■ Material for this task:
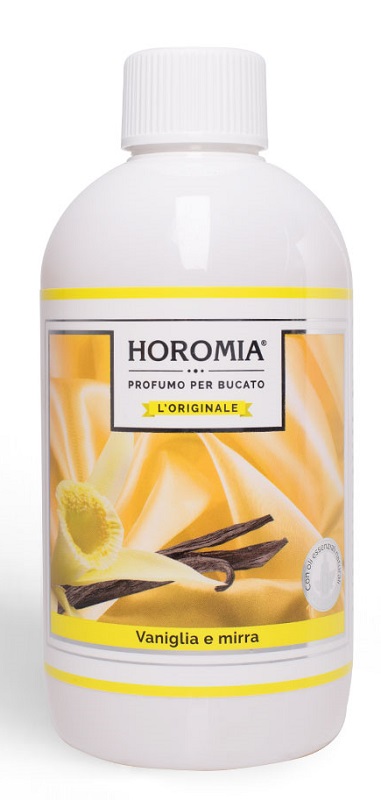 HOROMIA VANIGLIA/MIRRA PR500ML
* * *
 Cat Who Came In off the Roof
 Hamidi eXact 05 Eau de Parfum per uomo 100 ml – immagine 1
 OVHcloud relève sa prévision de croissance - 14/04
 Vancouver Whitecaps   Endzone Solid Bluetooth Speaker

■ Requirement:
Taking the material above, extract exactly and only the lines from the line with "Hamidi eXact 05" to the line with "Solid Bluetooth Speaker", inclusive of both.

■ Reply to the task:
 Hamidi eXact 05 Eau de Parfum per uomo 100 ml – immagine 1
 OVHcloud relève sa prévision de croissance - 14/04
 Vancouver Whitecaps   Endzone Solid Bluetooth Speaker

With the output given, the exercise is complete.